We are seeing the harassment of juror #17. Her name and address are posted all over the internet. She has police protection at her home.

If JSS gives LWP, imagine the public outcry. She won't be safe in my opinion and will require 24/7 security.
 
Thank you for the suggestions of the trails. Yes, I am tired and weary (like many of you) and it takes a piece of me in each and every trail I follow...but, I just can't explain it...it is what I do. This trail is my first being registered at WS and this thread is special for that reason and I will stick around on this thread until it is closed. I got hooked on the OJ trail and been following trails every since.

I read about the Christopher Preston case. I remember reading about in the paper. My heart goes out to the family.
 


I am better this am. Yesterday was overwhelming 100 different ways. I too am taking a break from trial watching. This was too
dramatic and exhausting. My quesy stomach needs calm. I want to regain my objecfivity.

I hope the final hearing is a really ho hum occurance. That JA sees that her shining moment is OVAH. Few care one whit about her.
The world has moved on.
 
To quote Kid Rock, "FOAD" I just don't understand how anyone can tell someone to just move on. Travis' family hasn't even been able to grieve, how can anyone expect them to just move on, I believe it will be years before they can even began to think of "moving on". I hope it gives them a small bit of comfort to know 11 on this jury wanted what they wanted.
I read some yesterday that made my blood boil. There is something very wrong in society for people to talk that way.
 
Do I feel better this morning after yesterday...What would be the final wound is if JSS gave her LWP. I don't think I could handle that sentence and would lose my faith in our justice system. After seeing OJ, CA and JA results, makes a person wonder where is our justice system going and how far will DT go for the WIN? Just some rambling thoughts going through my tired mind...

Prayers for Alexander Family and friends...they need too start healing, but can they? They are so angry and hurt, they need all our prayers.

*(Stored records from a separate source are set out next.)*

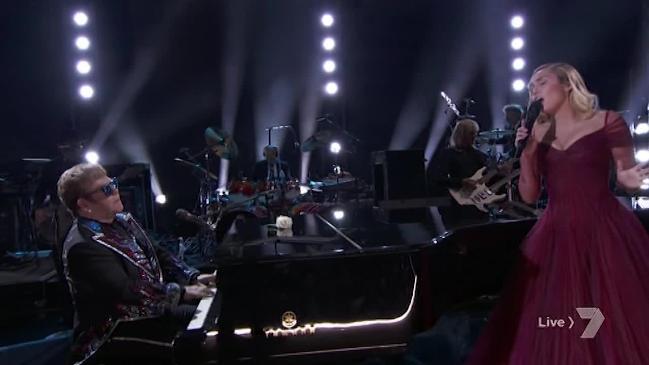 Miley Cyrus and Elton John perform at the Grammys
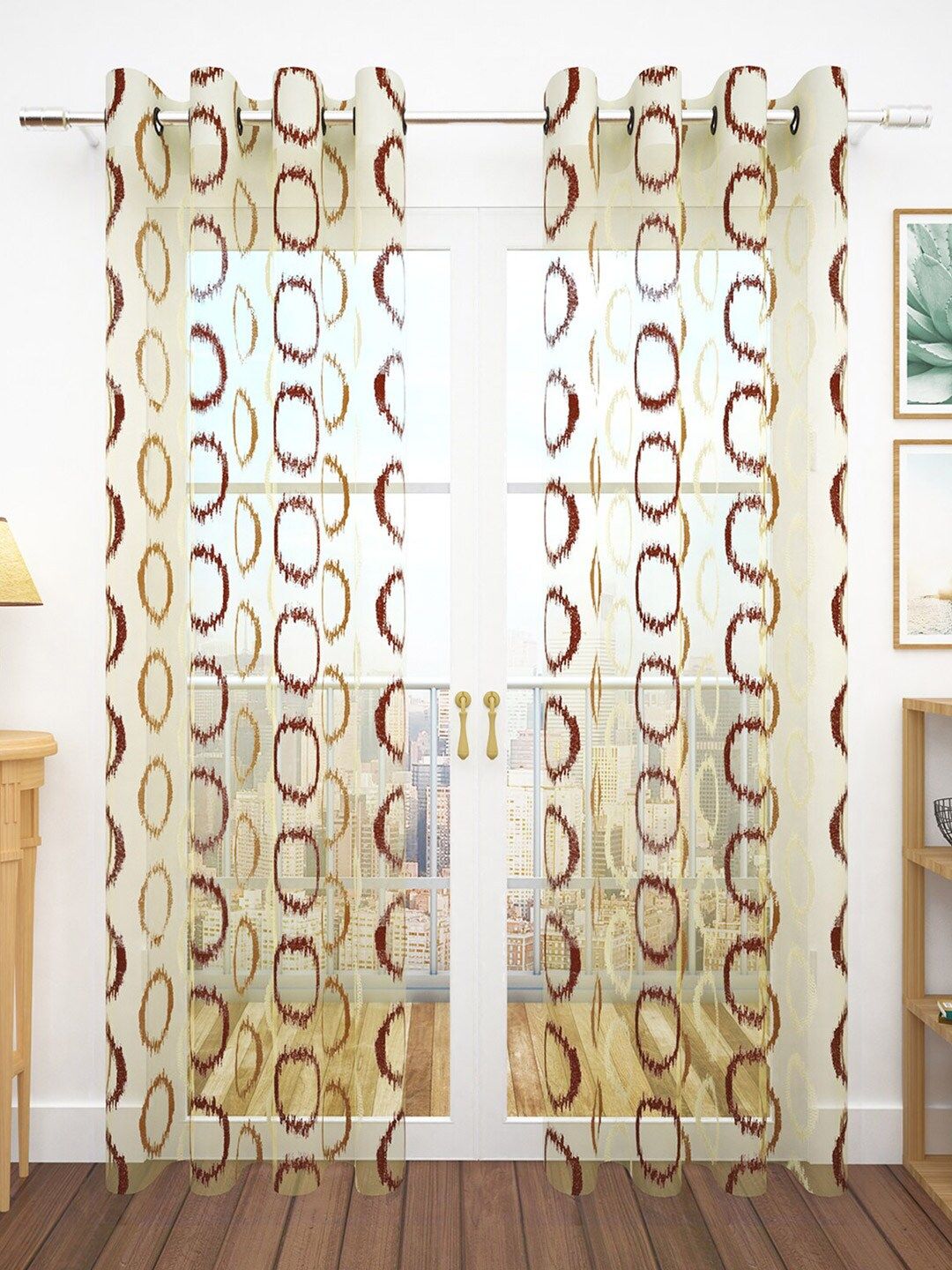Story@home Coffee Brown & Cream-Coloured Set of 2 Geometric Sheer Door Curtain Price in India
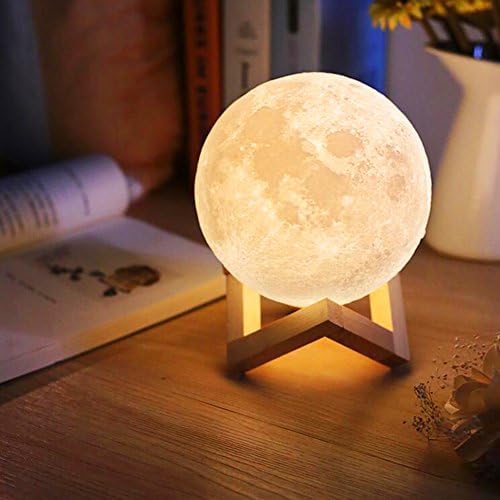 3D Printing Moon Lamp Usb Touch Light Bedroom Light Romantic Led Color Change Night Light for Children Home Decor Lights desk lamp JiFengCheng (12cm(4.75 inch))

Our justice system makes me sick. The only fair outcomes I have seen is in the Teghan Skiba case and the one with the doctor who killed his wife in the bathtub (I cannot think of his name right now). I swear, JSS and that juror had an agenda. I feel it in my gut. Nothing will surprise me now with JSS who completely mishandled the court/trial handing down a sentence of LWP in 25 years. She will most likely cater to JA once again. Be prepared. Our system is so twisted. We now defend and support Terrorists! Look at the "dream team" for the Boston Marathon bomber. It sickens me. The true victims get tossed away and it's all about a win at all costs.
 
CURIOUS IN INDIANA

I ran across a post you responded to one of mine, for the life of me I went back and tried to find it and could not. :(

Anyway...You said you liked my signature and it was one of your favorite verses. I love this verse and it is so true. I try and practice it everyday.
 
I am still amazed how that juror got on. The more I read the more this trial just exceeds any boundaries of what is supposed to be law and justice. Glad 11 jurors were intelligent. If all had come back with LWOP or DP that would have been fine. But this one person....should NOT have gotten on that jury. Should. Not. Much like that foreman in the first. I'm just....wow.
 
I will admit that I am on the fence with JSS. Some days she has done good, other days not so much. I swing back and forth on her. I hope and pray she makes the right decision and we can all close this chapter in our lives.
 
Even the jurors stated that JSS knew #17 was going to hold out. They claim JSS knew #17 would not deliberate with other jurors.
MOO........JSS will give JR 25 to life with credit for time served.
 
I'm just following the Boston Bombing trial, which is suppose to last 6 weeks or so. After that, I'm taking a break and will be just hanging on the Sidebar for a while. I'm tired and drained right now.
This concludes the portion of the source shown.